INFORMATION PROVIDED:

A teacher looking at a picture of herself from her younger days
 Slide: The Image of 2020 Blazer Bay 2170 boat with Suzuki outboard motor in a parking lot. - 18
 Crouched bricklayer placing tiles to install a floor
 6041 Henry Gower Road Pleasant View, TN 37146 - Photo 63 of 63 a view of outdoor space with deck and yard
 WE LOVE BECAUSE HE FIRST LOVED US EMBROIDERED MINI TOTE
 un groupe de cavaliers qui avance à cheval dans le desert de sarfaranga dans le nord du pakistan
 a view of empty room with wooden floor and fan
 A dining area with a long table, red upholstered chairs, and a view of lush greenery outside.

WHAT IS BEING ASKED: Only an exact copy of the entries above will do.

RESPONSE:
A teacher looking at a picture of herself from her younger days
 Slide: The Image of 2020 Blazer Bay 2170 boat with Suzuki outboard motor in a parking lot. - 18
 Crouched bricklayer placing tiles to install a floor
 6041 Henry Gower Road Pleasant View, TN 37146 - Photo 63 of 63 a view of outdoor space with deck and yard
 WE LOVE BECAUSE HE FIRST LOVED US EMBROIDERED MINI TOTE
 un groupe de cavaliers qui avance à cheval dans le desert de sarfaranga dans le nord du pakistan
 a view of empty room with wooden floor and fan
 A dining area with a long table, red upholstered chairs, and a view of lush greenery outside.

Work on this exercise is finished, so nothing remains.